Zhang Ji1Chuan Zhang1Yang Ye1,2,3Jiali Ji1Hongguang Dong1
Erik Forsberg1
Xiaoyu Cheng1,2,3*Sailing He1,2,3*- 1National Engineering Research Center for Optical Instruments, College of Optical Science and Engineering, Zhejiang University, Hangzhou, China
- 2Ningbo Research Institute, Ningbo, China
- 3ZJU-TU/e Joint Research Institute of Design, Optoelectronic and Sensing, Hangzhou, China
In this work, it is shown that surface-enhanced Raman scattering (SERS) measurements can be performed using liquid platforms to perform bioanalysis at sub-pM concentrations. Using magnetic enrichment with gold-coated magnetic nanoparticles, the high sensitivity was verified with nucleic acid and protein targets. The former was performed with a DNA fragment associated with the bacteria Staphylococcus aureus, and the latter using IgG antibody, a biomarker for COVID-19 screening. It is anticipated that this work will inspire studies on ultrasensitive SERS analyzers suitable for large-scale applications, which is particularly important for in vitro diagnostics and environmental studies.
Introduction
Surface-enhanced Raman scattering (SERS) spectroscopy holds promises for ultrasensitive detection of analytes in complex environments (Ding et al., 2016; Langer et al., 2020). This is of significance for two reasons: First, disease-related biomarkers are often present at concentrations lower than the limit of detection (LoD) of existing techniques (Wu et al., 2019). Examples of such samples include circulating tumor biomarkers (e.g., microRNA and cells), proteins, exosomes, bacteria pathogens, and SARS-CoV-2 biomarkers in blood (Mattioli et al., 2020; Jiang et al., 2020a; Sitjar et al., 2021). Second, SERS is capable of detecting single molecules (Bell et al., 2020; Zheng et al., 2015; Kneipp et al., 2006), and as a vibrational spectroscopic tool, the Raman spectra can provide molecular fingerprints of the sample that is highly specific (Zheng et al., 2013; Zheng et al., 2015; Ye et al., 2019; Langer et al., 2020; Mattioli et al., 2020), the signal of which is significantly enhanced when performed in ultraviolet (Renard et al., 2019; Chen et al., 2021). The dual sensitivity/selectivity of SERS is desirable for several applications, particularly in vitro diagnostics and environmental monitoring (Long and Gooding, 2016; Liu et al., 2017; Wei et al., 2017; Zhang et al., 2018; Chen et al., 2020a).

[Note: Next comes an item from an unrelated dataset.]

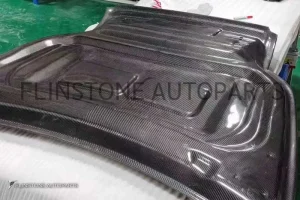 ฝากระโปรง Carbon Fiber Land Rover Defender ทรง GTS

One goal for SERS is ultrasensitive quantification of rare species (e.g., sub-pM) using techniques that are both accessible and reproducible (Joseph et al., 2012). Conventional SERS measurements typically require substrates made with, for example, electron beam lithography, self-assembled nanoparticle arrays on solid support, or simply mixing analytes with nanoparticle suspensions (Ciallam et al., 2012; Thai et al., 2012). Among them, nanofabrication produces well-defined substrates but is challenging to manufacture at large scale (Ying et al., 2008). Colloidal suspensions are attractive for their straightforward production, but the resulting organization of the substrate can be poor due to the random structures formed (Banholzer et al., 2008). Self-assembled super-lattice arrays on solid surfaces are promising for their reasonably good organization and easy fabrication (Thai et al., 2012; Ye et al., 2019). Issues remain in developing SERS-based detection to address real-world problems, where factors such as sensitivity, specificity, cost of the instrument, and reproducibility of the assay should all be addressed to meet production requirements and analytical standards (Fan et al., 2020). Of interest is recent studies showing that well-defined SERS substrates can be produced directly in the liquid-state via self-assembling gold nanoparticles between the phases of immiscible solvents (Ma et al., 2016; Tian et al., 2018; Du et al., 2019; Su et al., 2019). This is attractive as gold colloids can be obtained easily, and it provided a simple and reproducible method to perform SERS at minimal cost. This was suitable for large-scale applications which predominantly rely on solution-based measurements.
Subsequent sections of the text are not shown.